Task: Output must consist only of the lines of the material below from the one with "alice49547 alice dresser" through the one with "1231 N Park Street Property Photo 1", each reproduced exactly; no pictures belong in it.

Input data:
┄┄┄┄┄┄

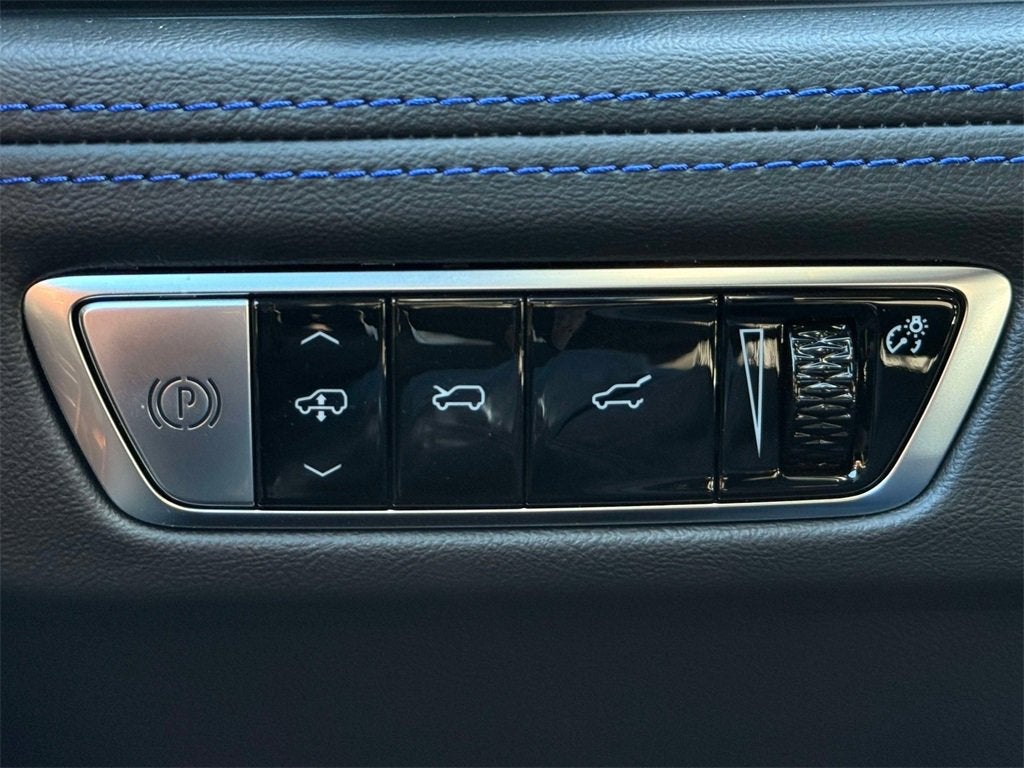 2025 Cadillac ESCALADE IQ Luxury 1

┄┄┄┄┄┄

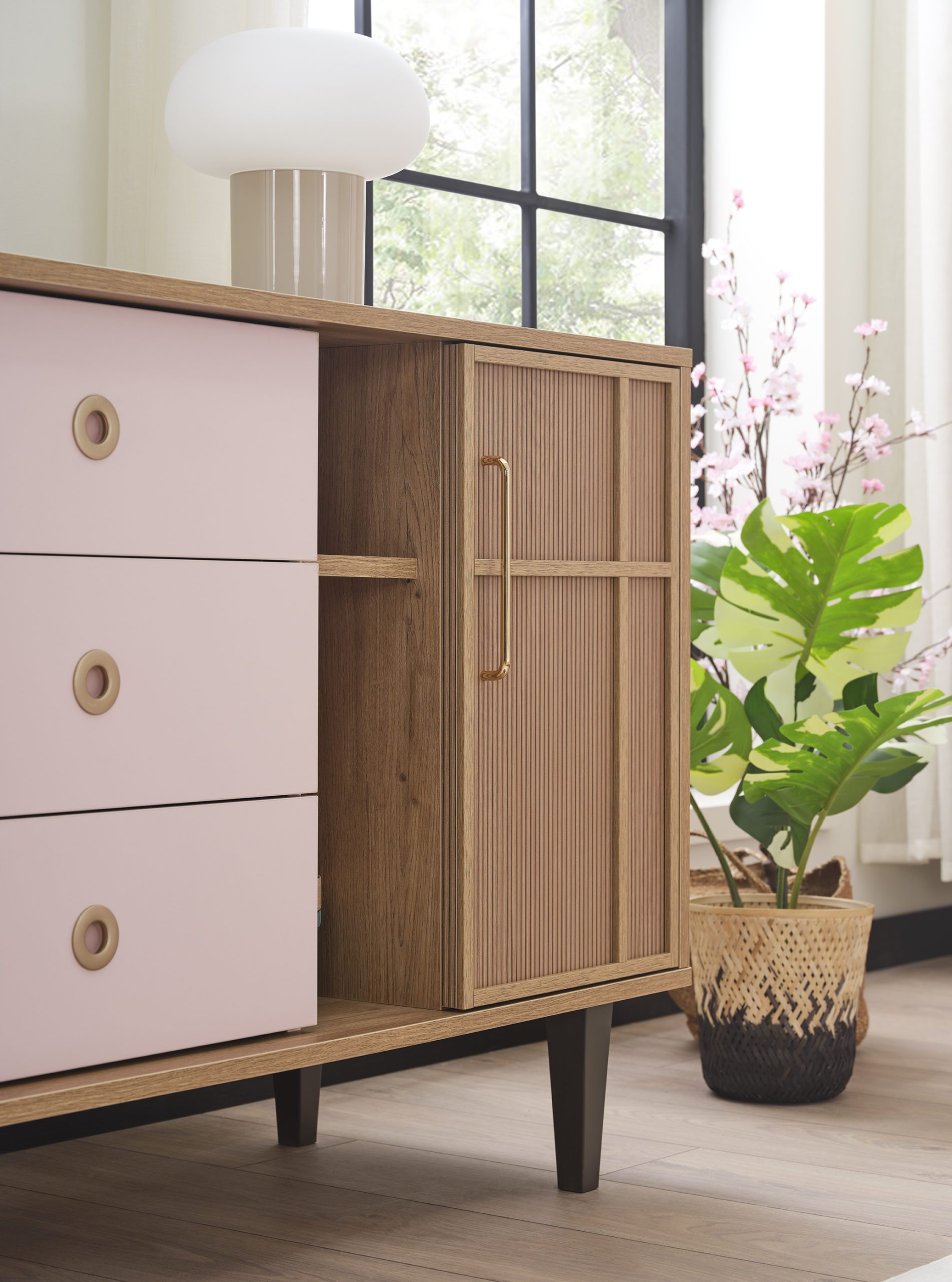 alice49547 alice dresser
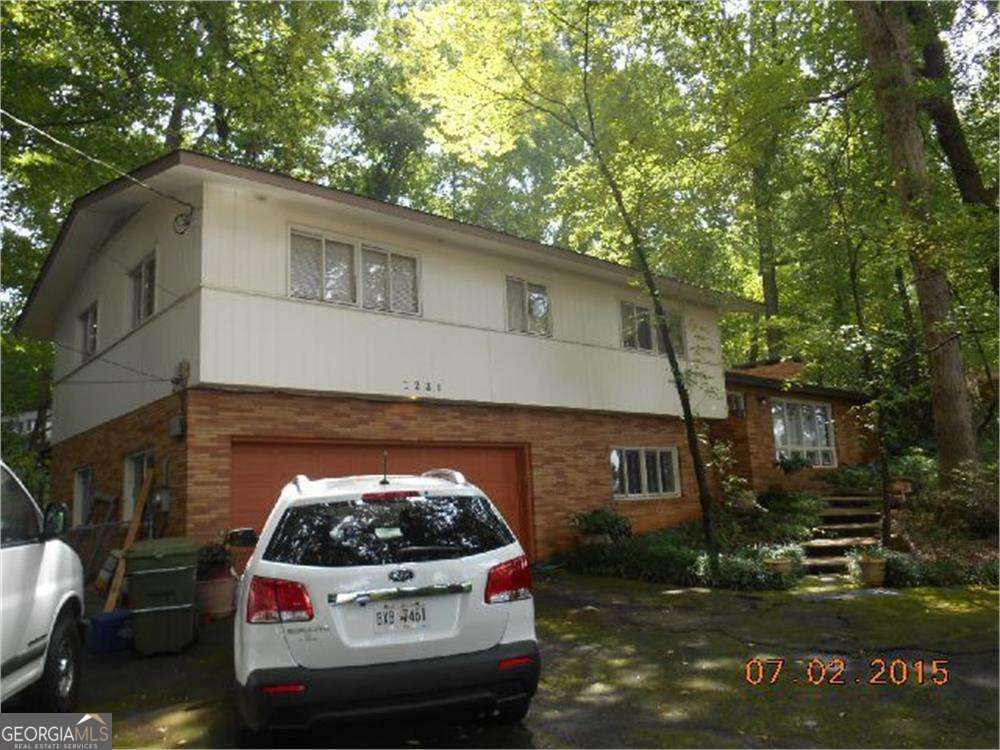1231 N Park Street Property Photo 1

┄┄┄┄┄┄

Solution to the exercise:
 alice49547 alice dresser
1231 N Park Street Property Photo 1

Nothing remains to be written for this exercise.